Les analystes craignent que le suicide télévisé de l'un de ses accusés, Slobodan Praljak, un Croate de Bosnie, n'occulte le dernier jugement d'un tribunal international qui a consacré près d'un quart de siècle à juger les responsables des pires atrocités commises en Europe depuis 1945.
Mercredi, devant le tribunal pénal international pour l'ex-Yougoslavie (TPIY) et sous les yeux du monde entier, un homme à la barbe blanche, robuste et déterminé, renverse la tête en arrière et, d'une gorgée, boit le liquide d'une fiole. Il meurt quelques heures plus tard dans un hôpital de La Haye.

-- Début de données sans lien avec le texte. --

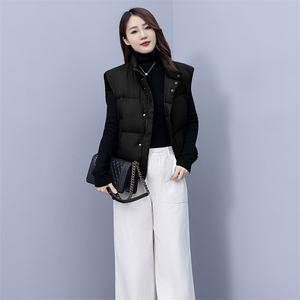 2024新款秋冬时尚大方女装马甲简约百搭轻薄羽绒服背心外套显瘦保暖无袖上衣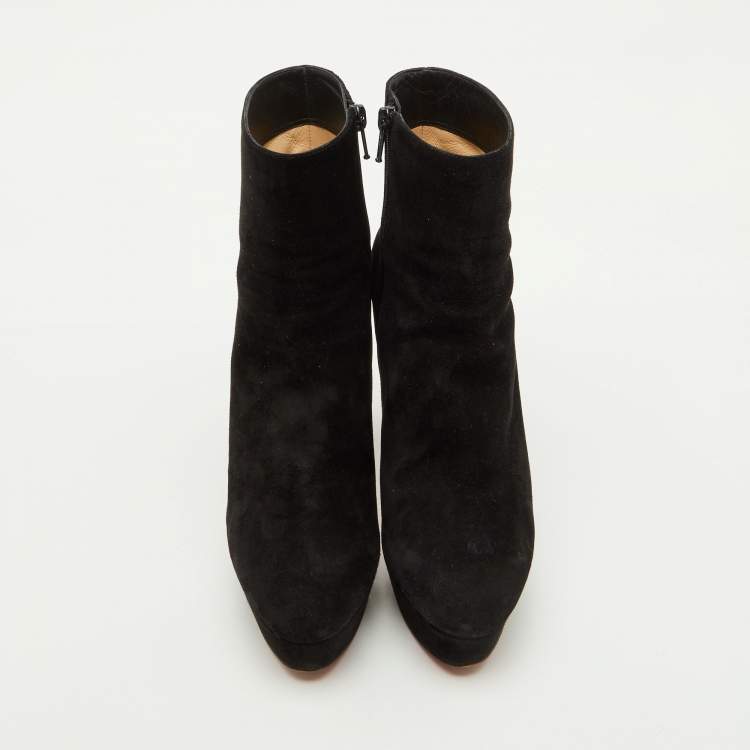 Pre Owned Christian Louboutin Black Suede Lady Daf Booty Platform Ankle Boots Size 37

C'est sur ces images que va se fermer le TPIY à la fin de cette année. Un baisser de rideau où la salle d'audience est devenue "scène de crime".
"Que cela ait pu se produire tout court dans un tribunal de haut-rang de l'ONU est difficile à comprendre, mais que cela se soit produit au tout dernier jour des procédures du TPIY, et continuera à assombrir le travail important du tribunal, défie véritablement la raison", analyse Jelena Subotic, professeur associé de Sciences politiques à l'Université de Georgie, sur le site "Balkan Transitional Justice".

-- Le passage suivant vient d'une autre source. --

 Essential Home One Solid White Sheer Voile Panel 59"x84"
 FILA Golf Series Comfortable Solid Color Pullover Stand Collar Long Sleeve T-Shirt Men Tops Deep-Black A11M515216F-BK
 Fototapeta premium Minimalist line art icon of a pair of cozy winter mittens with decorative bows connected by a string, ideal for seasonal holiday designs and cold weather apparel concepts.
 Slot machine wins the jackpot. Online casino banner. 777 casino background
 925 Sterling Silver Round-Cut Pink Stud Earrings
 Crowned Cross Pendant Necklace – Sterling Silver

Premier tribunal pour les crimes de guerre mis sur pied par les Nations unies et premier tribunal international établi après les procès de Nuremberg contre les dignitaires nazis, le TPIY, né au coeur du conflit des Balkans, était fier de laisser un héritage considérable à la justice internationale. Et devait fermer ses portes en grande pompe, avec les honneurs, au cours d'une cérémonie officielle à La Haye le 21 décembre.
Mais ce drame "donnera de l'eau au moulin des nombreux critiques du tribunal qui ont mis en doute son professionnalisme ou le traitement jugé indulgent de ses accusés qui ont détourné en beaucoup d'occasions les procédures du tribunal, intimidé des témoins et mené la salle d'audience comme si c'était un séminaire sur la mauvaise Histoire", remarque l'auteur de "Justice détournée: traiter du passé dans les Balkans".
- 'Facéties' -
Si les experts sont divisés quant à la manière dont l'histoire du TPIY sera entachée par le suicide public d'un de ses accusés, ils y voient un geste de "protestation" et une "capacité, une fois encore, de ramener les procédures à eux-mêmes".
"Ces hommes savent comment faire pour manier le pouvoir et pour que le monde regarde", analyse Frederiek de Vlaming, criminologue spécialisée en droit pénal international de l'Université d'Amsterdam, citée par le quotidien néerlandais De Volkskrant, soulignant que le verdict "est plus important que ce qu'il s'est passé" mercredi.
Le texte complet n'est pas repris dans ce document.